A cash book documents the cash transactions of a company, above all in order to provide the tax office with the relevant evidence. It can be kept manually or electronically.
The cash book provides an overview of the current cash balance in the cash register, so all income and expenses must always be entered in the cash book. After closing time, the cash register is checked. This involves checking whether the target cash balance from the cash book corresponds to the actual cash balance in the cash register. To prove the accuracy of the cash book, all invoices and receipts must be enclosed.
Keeping a cash book is subject to strict guidelines and regulations that must be followed in order to meet the requirements of the tax office. Therefore, restaurateurs should always be meticulous in keeping the cash book to ensure transparent and reliable accounting.
Who must keep a cash book?
Keeping a cash book is mandatory for all companies in Germany that are required to keep accounts. This is the case with an entry in the commercial register, but also without an entry in the commercial register, as long as it is a business operation organized according to commercial standards.
A business organized in a commercial manner is characterized by a large number of employees, a high volume of sales, a large number of business contacts and an extensive range of goods. If the turnover does not exceed 600,000 euros per year and the profit does not exceed 60,000 euros, there is no obligation to keep a cash book. Operators of a small business are also not required to keep accounts and are therefore also exempt from the obligation to keep a cash book. Unless they voluntarily register in the commercial register.
What information must be provided for each business transaction?
Basically, the following mandatory information must be recorded for each individual business transaction:
- date
- receipt number for a unique attribution of the business transaction
- amount of revenue or expenditure with currency specification
- Purpose (accounting text)
- tax rate
- Input tax/VAT of the amount
- current cash balance
Cash book in gastronomy: What is important?
In order to ensure proper cash accounting in gastronomy, certain principles must be observed. This includes compliance with the generally accepted accounting principles (GoB) under commercial and tax law, as well as the principles of the tax authorities for the retention of documents, records and books in electronic form and data access.
Another important principle is the single, correct, complete, orderly and timely entry of all entries in the cash book. Thus, all cash receipts and cash disbursements must be recorded daily. A later recording is only possible if important operational reasons prevent the timely recording. It is also important to record the debit change in the cash balance.
Other requirements for proper cash accounting:
- No entries may be made without a receipt.
- The receipts shall be numbered consecutively.
- The cash report shall be kept without gaps and continuously without blank lines.
- Entries must be made in order of the day and not arbitrarily.
- The cash balance of the cash register shall be checked and recounted regularly.
- Target and actual balance must be comparable at all times.
- Entries may not be subsequently changed or made unrecognizable.
- An incorrect entry may be deleted, but must remain legible and traceable.
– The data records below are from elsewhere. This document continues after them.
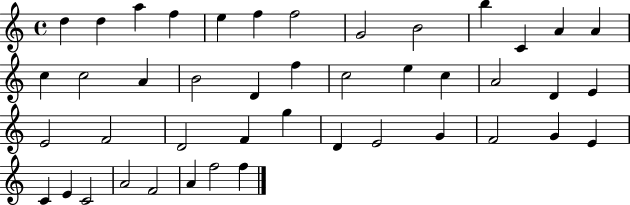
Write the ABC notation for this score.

X:1
T:Untitled
M:4/4
L:1/4
K:C
d d a f e f f2 G2 B2 b C A A c c2 A B2 D f c2 e c A2 D E E2 F2 D2 F g D E2 G F2 G E C E C2 A2 F2 A f2 f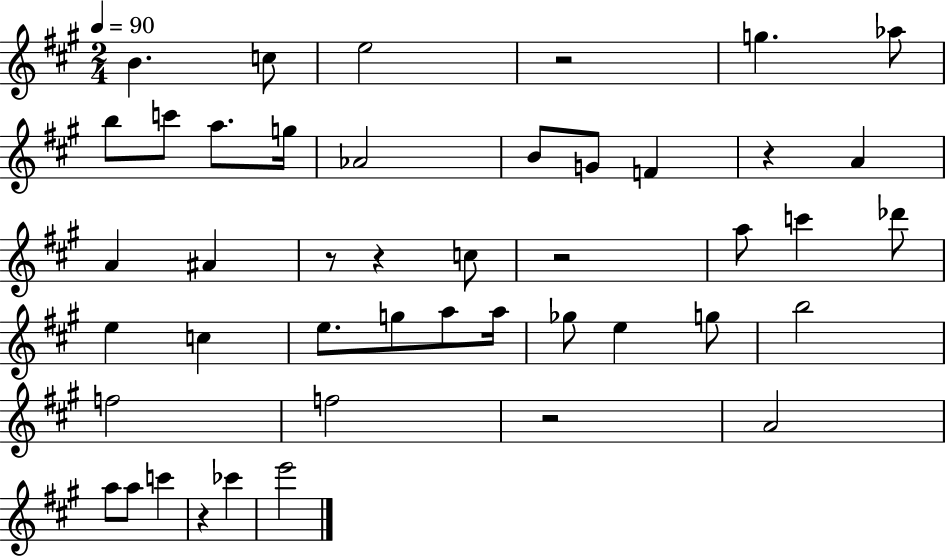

The correction is made by a new entry.
- A negative cash balance is technically not possible and must not occur.
- Cash movements between the cash register and the bank must be recorded without gaps.
- Private deposits and withdrawals must be documented daily.
- Amounts advanced privately and the corresponding repayments from the cash register are to be recorded as expenditures. The date of disbursement from the cash balance is relevant.
Orderly, correct and complete cash accounting is essential in order to avoid serious consequences in the event of an audit.
What are the consequences of incorrect cash accounting?
The aim of proper cash accounting is to make tax evasion difficult by documenting the misappropriation of cash income. Faulty accounting is therefore not a trivial offense, but a potential tax evasion. The tax office has the right to carry out a cash inspection at any time and to check the cash book with regard to manipulations. Irregularities are then quickly uncovered, which can result not only in back taxes, but also in high fines, sanctions under commercial law and criminal proceedings. A properly maintained cash book is therefore imperative.